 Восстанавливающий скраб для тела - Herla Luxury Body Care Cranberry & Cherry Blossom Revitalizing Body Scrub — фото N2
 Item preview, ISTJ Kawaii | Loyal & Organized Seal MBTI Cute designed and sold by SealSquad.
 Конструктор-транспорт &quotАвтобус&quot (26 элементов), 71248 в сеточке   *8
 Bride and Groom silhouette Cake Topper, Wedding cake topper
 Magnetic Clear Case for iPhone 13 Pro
------------------------------------------------
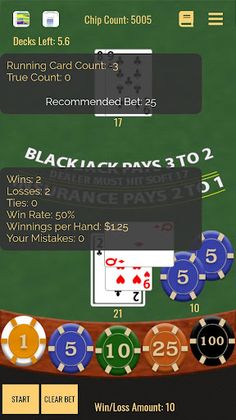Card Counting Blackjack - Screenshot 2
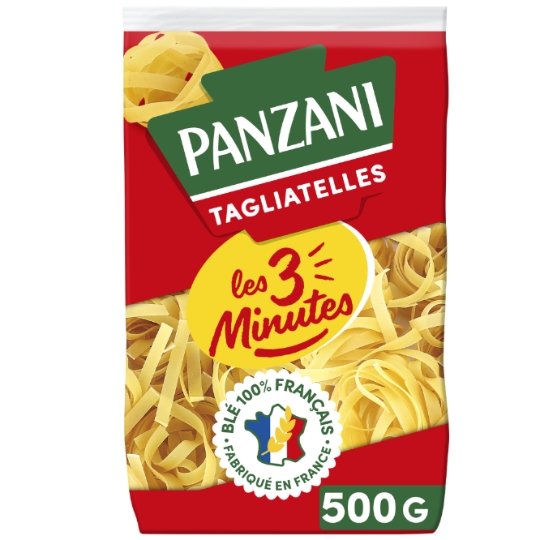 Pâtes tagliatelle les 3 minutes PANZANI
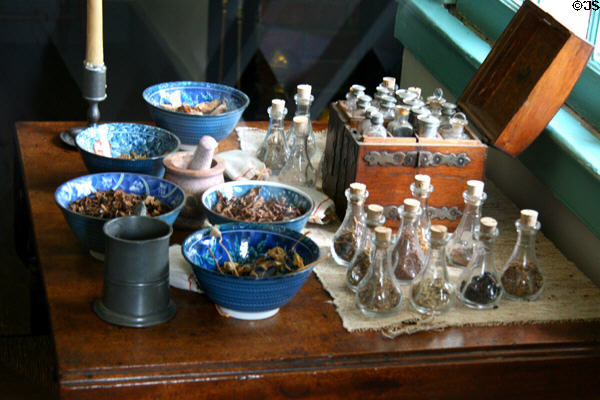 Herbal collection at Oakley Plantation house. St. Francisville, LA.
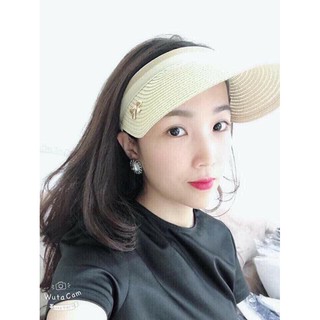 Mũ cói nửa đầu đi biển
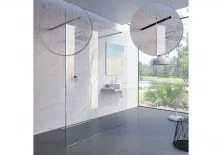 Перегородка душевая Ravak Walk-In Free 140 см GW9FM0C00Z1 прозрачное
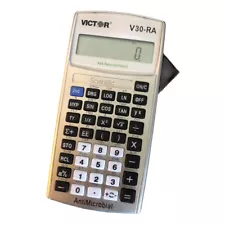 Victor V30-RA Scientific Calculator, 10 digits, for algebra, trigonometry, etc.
------------------------------------------------
• _Requirement_: Give back exactly the lines of the listing above that run from the line with "Восстанавливающий скраб для" to the line with "Magnetic Clear Case for iPhone 13 Pro", inclusive.

• _Written reply_:
 Восстанавливающий скраб для тела - Herla Luxury Body Care Cranberry & Cherry Blossom Revitalizing Body Scrub — фото N2
 Item preview, ISTJ Kawaii | Loyal & Organized Seal MBTI Cute designed and sold by SealSquad.
 Конструктор-транспорт &quotАвтобус&quot (26 элементов), 71248 в сеточке   *8
 Bride and Groom silhouette Cake Topper, Wedding cake topper
 Magnetic Clear Case for iPhone 13 Pro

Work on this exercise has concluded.